Das Wohltemperirte Clavier I nr. 9 in E groot
BWV 854 uitgevoerd door Christian Rieger
in zijn huis in Keulen
Achter de muziek
Een kekke secunde
Bach vulde de lieflijke prelude aan met een korte en simpele fuga
De prelude in E groot is zowel melancholisch als opgewekt van karakter, zegt de Duitse klavecinist Christian Rieger, bij wie we in Keulen op bezoek waren. Dat ligt met name aan de uitgesponnen zangerige melodie waarmee de rechterhand opent. De linkerhand beweegt zich daaronder rustig voort en biedt harmonische ondersteuning en hier en daar wat thematisch commentaar. Aan het eind van de expositie zoekt Bach even de randen van de toonsoort op met een paar chromatische accenten, maar het liefelijke karakter van het stuk wordt hierdoor niet verstoord. De prelude eindigt met een nagenoeg letterlijke herhaling van de exposite, maar dan een kwart getransponeerd.
Een eerste versie van deze prelude kwam al voor in het muziekboekje dat Bach voor zijn tienjarige zoon Wilhelm Friedemann had samengesteld. Bach voegde er wellicht later de fuga aan toe en nam het zo op in het Wohltemperirte Clavier.

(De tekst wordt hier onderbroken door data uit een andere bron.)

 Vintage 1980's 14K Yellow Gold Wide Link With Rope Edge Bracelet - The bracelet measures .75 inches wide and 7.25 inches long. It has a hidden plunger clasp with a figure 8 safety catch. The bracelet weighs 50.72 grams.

Het thema van de driestemmige fuga is een van de kortste en de simpelste uit de hele bundel. Het begint heel kek met twee noten, een zogenaamde secunde, die beklemtoond wordt door de erop volgende rust. Met dit motiefje verwijdert Bach zich één stapje van de grondtoon E. Na de spanningsvolle rust, keert hij naar de thuisbasis terug in een loopje van zestiende noten dat echter van geen ophouden weet en het basismateriaal vormt voor de verdere fuga.
Das Wohltemperirte Clavier, BWV 846-893
48 klavierstukken in alle 24 toonsoorten: dat was het soort uitdaging waar Bach van genoot. In elk van de twee delen van het Wohltemperirte Clavier bracht hij 24 keer het muzikale koppel prelude en fuga samen, twaalf in mineur, twaalf in majeur. In de preludes liet hij zijn fantasie de vrije loop, om in de fuga’s zijn mathematische hoogstandjes te verrichten. In tegenstelling tot de ijzeren discipline waarmee Bach zich voor zijn kerkelijke composities moest inzetten, kon hij zich hier overgeven aan intellectuele Spielerei zonder klemmende deadlines.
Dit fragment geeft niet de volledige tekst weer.